Your Services Agreement with Oncore provides you with an exact breakdown of your standard fee and also an overview of instances where Oncore reserves the right to apply additional charges. This article provides a breakdown.
When signing up for Oncore; the Business Development Manager who consults with you during the sales process will discuss and negotiate service model and applicable fees with you.
Once your Services Agreement with Oncore has been issued, you'll see the fees clearly noted in the schedule of the contract. This will include a breakdown of what fees you're paying for which element of Oncore's service model (eg. reporting, insurance, administration).
You will pay a % fee for service that is made up of all components of the service model that you're using. These form part of the standard fees that you can expect to pay.
If you are leveraging Oncore's insurances, there will also be a Cashflow Management Facility Agreement that will show you the fee that you're paying to utilise Oncore's funding.

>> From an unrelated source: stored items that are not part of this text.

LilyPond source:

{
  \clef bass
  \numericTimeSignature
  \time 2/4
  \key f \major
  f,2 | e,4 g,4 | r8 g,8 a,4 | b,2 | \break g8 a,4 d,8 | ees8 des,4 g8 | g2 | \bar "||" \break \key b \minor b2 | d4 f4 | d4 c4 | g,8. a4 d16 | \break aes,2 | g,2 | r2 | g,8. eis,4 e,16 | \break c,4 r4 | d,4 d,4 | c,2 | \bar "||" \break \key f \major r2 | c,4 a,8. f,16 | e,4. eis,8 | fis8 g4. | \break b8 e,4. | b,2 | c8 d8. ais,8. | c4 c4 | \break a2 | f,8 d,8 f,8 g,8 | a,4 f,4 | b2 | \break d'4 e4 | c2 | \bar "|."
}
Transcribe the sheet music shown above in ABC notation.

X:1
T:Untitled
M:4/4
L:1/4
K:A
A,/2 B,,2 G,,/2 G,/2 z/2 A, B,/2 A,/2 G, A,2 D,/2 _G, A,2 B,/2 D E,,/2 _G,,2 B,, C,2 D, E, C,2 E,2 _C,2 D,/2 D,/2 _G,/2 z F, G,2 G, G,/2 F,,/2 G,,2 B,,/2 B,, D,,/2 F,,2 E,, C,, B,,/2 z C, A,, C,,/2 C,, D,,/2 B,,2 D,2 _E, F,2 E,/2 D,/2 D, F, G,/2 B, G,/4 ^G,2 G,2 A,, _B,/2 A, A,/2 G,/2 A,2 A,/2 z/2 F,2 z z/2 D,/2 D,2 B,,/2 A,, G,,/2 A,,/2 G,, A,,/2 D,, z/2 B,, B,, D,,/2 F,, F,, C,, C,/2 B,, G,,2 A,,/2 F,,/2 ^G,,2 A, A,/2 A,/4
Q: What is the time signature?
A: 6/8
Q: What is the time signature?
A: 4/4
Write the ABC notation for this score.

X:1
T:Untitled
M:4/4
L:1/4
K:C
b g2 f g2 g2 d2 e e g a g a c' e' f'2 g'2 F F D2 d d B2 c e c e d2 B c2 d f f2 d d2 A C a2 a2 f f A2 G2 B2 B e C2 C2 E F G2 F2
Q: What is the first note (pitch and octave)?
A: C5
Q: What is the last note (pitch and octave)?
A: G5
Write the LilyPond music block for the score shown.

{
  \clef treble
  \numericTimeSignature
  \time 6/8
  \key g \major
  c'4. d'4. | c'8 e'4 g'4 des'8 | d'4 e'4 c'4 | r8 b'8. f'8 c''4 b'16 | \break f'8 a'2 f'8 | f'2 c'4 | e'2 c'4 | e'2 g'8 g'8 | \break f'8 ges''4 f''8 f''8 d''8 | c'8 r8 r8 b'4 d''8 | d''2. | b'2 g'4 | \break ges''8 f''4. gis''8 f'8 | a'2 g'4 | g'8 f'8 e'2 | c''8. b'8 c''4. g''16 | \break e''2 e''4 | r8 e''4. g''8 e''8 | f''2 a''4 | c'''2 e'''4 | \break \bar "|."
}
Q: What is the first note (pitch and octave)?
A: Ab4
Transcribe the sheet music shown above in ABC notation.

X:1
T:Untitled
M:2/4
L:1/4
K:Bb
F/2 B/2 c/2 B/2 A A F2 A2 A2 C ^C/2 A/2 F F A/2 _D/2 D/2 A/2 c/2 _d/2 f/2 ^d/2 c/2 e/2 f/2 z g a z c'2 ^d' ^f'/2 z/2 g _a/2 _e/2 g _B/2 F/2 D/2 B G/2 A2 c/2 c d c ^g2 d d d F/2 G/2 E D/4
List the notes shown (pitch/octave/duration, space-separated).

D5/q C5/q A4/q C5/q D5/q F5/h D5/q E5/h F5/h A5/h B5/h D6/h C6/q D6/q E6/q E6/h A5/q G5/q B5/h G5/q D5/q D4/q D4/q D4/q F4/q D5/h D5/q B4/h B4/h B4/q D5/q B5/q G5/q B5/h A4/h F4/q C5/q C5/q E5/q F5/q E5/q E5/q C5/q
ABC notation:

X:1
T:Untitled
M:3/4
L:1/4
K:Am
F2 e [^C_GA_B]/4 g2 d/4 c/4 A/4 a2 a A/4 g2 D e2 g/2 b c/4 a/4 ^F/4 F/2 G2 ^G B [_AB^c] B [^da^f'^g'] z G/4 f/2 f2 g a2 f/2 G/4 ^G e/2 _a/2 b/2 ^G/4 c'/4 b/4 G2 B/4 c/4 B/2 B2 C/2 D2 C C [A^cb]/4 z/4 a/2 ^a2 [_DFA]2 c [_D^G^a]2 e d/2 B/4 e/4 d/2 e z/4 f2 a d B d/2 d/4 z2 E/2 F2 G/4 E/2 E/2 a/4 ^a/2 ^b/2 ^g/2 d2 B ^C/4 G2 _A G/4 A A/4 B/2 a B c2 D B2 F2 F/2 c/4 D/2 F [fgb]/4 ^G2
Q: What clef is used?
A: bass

On both the schedule of the Services Agreement and the Cashflow Management Facility Agreement there will be additional terms, that include information on conditional fees.
Both short term contract fees and fees for extended payment terms fall outside of our standard pricing model. These are explained as follows (this wording is aligned with the agreements):
- Short Term Contracts: Each time the Recruitment Agency requests Oncore Business Solutions (OBS) to provide Services to the Recruitment Agency in respect of a Contractor for a period of less than one (1) month, the Recruitment Agency must pay a fifty dollar (A$50) configuration fee in addition to the fee payable for the Professional Contractor Services. As Oncore fees are charged as a % of worker's rate, contracts that are shorter in duration mean that we do not have an opportunity to recoup onboarding costs. The short term contract fee will cover these as well as other basic costs that would generally be covered by the fee once the contract extends over a monthly period.
- Extended Payment Terms: Each time OBS agrees to extend the date for payment of any Client Invoice beyond the fourteen (14) days referred to in clause 6 (Interest), OBS may in its absolute discretion:
8.1 fee - charge the Recruitment Agency an increased Facility Fee by
increasing the Fee Percentage; and
8.2 interest - suspend the interest that would otherwise be chargeable
under clause 6.
For extended payment terms; we would generally not apply this unless the payment terms exceed a 30 day carry of funds. For example, your worker is paid weekly, invoiced monthly and payment terms are 30 days. This means we would be funding the first week of pay of the period for over 30 days; and our interest costs increase. The team will take into account the whole of your contingent book, clients, payment terms, average debtor days, pay cycle as well as our genuine on-costs such as interest and insurances. The fee charged would be up to an additional 1%. If you know that your client has extended payment terms, we recommend looking to factor this into your negotiated margin.